ナミビア産 ピーターサイト

嵐の石




タイガーアイ3色。

パワーストーンとしてもおなじみの石に「タイガー・アイ」があります。
その青黒バージョンがホーク・アイ。
これらの石は、クロシドライト(青石綿)に石英が染みこんだ「クロシドライト・クォーツ」であるとされています。
青石綿というだけあって、クロシドライトの元々の色合いは青(青黒)。つまり、ホーク・アイと呼ばれている石の色合いです。一緒に含まれていた鉄が酸化すると黄色〜茶色のタイガー・アイになり、さらに人工的に加熱すると赤くなり、「レッドタイガー・アイ」とか「ブルズ・アイ」と呼ばれています。

クロシドライト本来の色 自然で酸化して黄色〜茶色 人工的な加熱で赤 ↑これは染め。

逆に脱色してクリーム色やグレーになっているものもあり、グレー・タイガー・アイと呼ばれたりしています。さらに脱色したものを緑やピンクに染めたものもあるようです。(上写真一番右は染め)
本来、石英は結晶しているので染料では染まりませんが、タイガー・アイの場合は中に繊維状のクロシドライトがぎっしり入っているのでそこに染料が染みこんで染めることができるようです。

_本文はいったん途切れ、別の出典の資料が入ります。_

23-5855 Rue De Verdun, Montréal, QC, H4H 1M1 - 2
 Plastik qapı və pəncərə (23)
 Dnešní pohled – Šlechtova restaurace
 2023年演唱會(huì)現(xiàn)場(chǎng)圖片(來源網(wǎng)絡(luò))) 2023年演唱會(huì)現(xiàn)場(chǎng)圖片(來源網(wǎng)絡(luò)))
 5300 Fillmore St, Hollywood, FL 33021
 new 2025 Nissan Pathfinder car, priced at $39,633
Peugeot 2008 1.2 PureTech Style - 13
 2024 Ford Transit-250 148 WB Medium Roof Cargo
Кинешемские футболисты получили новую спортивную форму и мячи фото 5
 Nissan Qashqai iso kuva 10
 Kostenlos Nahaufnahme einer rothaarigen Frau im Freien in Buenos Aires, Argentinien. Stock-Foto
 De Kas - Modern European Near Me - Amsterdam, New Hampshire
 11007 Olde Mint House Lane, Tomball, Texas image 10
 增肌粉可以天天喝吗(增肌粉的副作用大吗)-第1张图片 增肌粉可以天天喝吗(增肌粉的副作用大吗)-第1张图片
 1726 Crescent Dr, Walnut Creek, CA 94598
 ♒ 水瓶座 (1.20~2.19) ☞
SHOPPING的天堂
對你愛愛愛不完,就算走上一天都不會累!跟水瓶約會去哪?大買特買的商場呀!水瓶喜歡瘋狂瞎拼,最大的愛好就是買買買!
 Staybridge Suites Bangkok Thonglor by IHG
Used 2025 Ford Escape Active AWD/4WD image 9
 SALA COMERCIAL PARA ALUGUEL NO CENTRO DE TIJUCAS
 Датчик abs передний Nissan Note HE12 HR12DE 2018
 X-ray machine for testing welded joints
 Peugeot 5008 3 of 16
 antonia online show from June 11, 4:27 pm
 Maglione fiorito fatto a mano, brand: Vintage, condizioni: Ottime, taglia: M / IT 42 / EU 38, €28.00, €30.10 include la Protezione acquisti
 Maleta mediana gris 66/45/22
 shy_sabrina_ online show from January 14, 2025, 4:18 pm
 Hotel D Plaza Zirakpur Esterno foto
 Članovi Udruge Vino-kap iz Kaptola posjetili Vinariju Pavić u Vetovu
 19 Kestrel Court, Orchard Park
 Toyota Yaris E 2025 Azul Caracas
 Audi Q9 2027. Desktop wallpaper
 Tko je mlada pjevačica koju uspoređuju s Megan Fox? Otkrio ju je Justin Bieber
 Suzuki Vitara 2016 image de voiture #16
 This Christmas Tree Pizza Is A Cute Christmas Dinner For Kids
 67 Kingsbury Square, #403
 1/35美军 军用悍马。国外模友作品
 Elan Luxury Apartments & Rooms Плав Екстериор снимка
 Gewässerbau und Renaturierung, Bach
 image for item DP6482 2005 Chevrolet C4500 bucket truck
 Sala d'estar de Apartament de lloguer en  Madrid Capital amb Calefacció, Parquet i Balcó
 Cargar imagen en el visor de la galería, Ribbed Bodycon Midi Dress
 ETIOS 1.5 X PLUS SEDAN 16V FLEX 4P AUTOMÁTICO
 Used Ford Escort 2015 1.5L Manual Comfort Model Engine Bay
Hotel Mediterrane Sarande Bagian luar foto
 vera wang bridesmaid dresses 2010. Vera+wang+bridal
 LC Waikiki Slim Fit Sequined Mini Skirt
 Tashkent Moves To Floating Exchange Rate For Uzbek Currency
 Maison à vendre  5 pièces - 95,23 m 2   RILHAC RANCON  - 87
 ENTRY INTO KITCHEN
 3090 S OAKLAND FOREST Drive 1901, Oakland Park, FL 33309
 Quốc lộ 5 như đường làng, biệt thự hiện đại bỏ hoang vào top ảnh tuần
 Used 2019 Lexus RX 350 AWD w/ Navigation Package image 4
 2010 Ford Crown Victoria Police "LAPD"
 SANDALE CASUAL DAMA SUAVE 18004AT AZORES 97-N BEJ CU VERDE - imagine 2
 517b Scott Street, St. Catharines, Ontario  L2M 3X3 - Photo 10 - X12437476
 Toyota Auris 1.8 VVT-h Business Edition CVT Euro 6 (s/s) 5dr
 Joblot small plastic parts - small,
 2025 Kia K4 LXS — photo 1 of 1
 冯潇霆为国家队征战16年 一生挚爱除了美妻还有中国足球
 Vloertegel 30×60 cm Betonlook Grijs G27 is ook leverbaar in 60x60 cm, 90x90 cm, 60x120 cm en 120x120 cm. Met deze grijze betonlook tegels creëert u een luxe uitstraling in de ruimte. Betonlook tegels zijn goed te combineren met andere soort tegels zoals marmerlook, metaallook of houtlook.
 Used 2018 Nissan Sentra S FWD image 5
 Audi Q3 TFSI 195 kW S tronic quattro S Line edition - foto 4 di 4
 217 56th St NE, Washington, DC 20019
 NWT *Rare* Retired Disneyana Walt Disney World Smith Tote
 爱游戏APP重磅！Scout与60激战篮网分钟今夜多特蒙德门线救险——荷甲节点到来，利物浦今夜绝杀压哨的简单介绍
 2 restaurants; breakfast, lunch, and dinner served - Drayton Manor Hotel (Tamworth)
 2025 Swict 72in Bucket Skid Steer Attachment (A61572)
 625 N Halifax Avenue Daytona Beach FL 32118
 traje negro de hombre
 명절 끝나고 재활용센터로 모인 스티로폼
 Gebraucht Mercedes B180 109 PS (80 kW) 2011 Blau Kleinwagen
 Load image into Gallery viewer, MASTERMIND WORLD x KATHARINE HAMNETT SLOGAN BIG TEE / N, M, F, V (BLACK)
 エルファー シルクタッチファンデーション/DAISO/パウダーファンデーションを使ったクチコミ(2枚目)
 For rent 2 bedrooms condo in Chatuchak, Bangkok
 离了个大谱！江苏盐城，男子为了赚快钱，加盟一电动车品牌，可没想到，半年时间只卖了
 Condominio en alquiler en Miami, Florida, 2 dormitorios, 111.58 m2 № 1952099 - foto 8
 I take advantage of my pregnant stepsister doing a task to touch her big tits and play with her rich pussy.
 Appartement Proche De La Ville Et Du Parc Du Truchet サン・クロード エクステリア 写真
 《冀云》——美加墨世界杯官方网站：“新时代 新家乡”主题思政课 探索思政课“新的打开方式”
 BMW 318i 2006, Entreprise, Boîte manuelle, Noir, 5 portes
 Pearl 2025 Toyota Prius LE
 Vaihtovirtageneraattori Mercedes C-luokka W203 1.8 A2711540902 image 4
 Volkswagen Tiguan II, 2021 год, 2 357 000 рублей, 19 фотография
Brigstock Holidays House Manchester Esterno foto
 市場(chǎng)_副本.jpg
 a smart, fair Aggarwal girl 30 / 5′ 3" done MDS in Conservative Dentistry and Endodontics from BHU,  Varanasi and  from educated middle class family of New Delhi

タイガー・アイとホーク・アイが混じったものを「混虎目石」、ホーク・アイからタイガー・アイに変化する途中(酸化する途中)の灰緑色のものを「ウルフ・アイ」と言うそうですが、この用法は聞いたことがありません。

タイガー・クォーツ

タイガー・アイのタイガー・アイたる所以はこのクロシドライト。
繊維状のクロシドライトが一定方向に並んでぎっしり内包されているために、底に光が反射して、キャッツ・アイ効果にも似た、太い光の筋が現れて、色合いとその光が「虎の目のようだ」というのでその名がつきました。
青石綿の並びとぎっしり具合がキモなので、石英の分量が多くなってきれいな光が現れなくなると価値も下がり、「タイガー・クォーツ」と呼ばれたりします。
パキスタンの青水晶も、実はクロシドライトの内包による青なので、たまたま青く見えているために青水晶になりましたが、これも「タイガー・クォーツ」の一種と言えます。

テンペスト

さて、タイガー・アイの主な産地は南アフリカ。
この南アフリカのお隣、ナミビアではちょっと変わったクロシドライト・クォーツが出ます。

ピーターサイトです。
ピーター・サイトは一口で言ってしまえば、タイガー・アイとホーク・アイが混じってかき混ぜられたような石。別名をテンペスト(嵐)・ストーンと言うそうです。
ピーターサイトの名前は、1962年にこの石を発見したSid Pietersにちなみます。
写真の石は東急ハンズ(笑)で買ったタンブルで、比較的石綿繊維が平行に並んでいますが、もっと大きな石では、まるでモザイクのようにあっち向きこっち向きに混ざり合ってある種の抽象画のような美しい模様を作り出しています。
これは、地球の地殻変動によってバラバラにされたり押しつぶされたりしたためだそうです。

中国産もある

さらに、1993年には中国でも発見され、1997年から流通するようになりました。
中国産ピーターサイトはナミビア産がクロシドライトを含むのに対し、マグネシウムリッチな角閃石を含み、色合いも金〜赤みを帯びた部分が多いもののナミビア産ピーターサイトによく似ています。
個人的には、ピーターサイトは青(青黒)が中心で、複雑な光を浮かべたものがいい……と思っているのですが、こんなのも買っちゃいました。(下写真)
長径4センチほどの薄いカボション(?)です。
確かに青もあるのですが、金色も混じり、さらには赤まで。(実物はもっと渋い色合いです)
確かナミビアだと言われていたのですけれど、どうでしょう?

また、「クロシドライト・クォーツ」と書きましたが、「クロシドライト・アゲート」と紹介しているところもありました。「クォーツ説」が多いのですが、この赤い部分を見ていると、「アゲート」説にも納得してしまいそうです。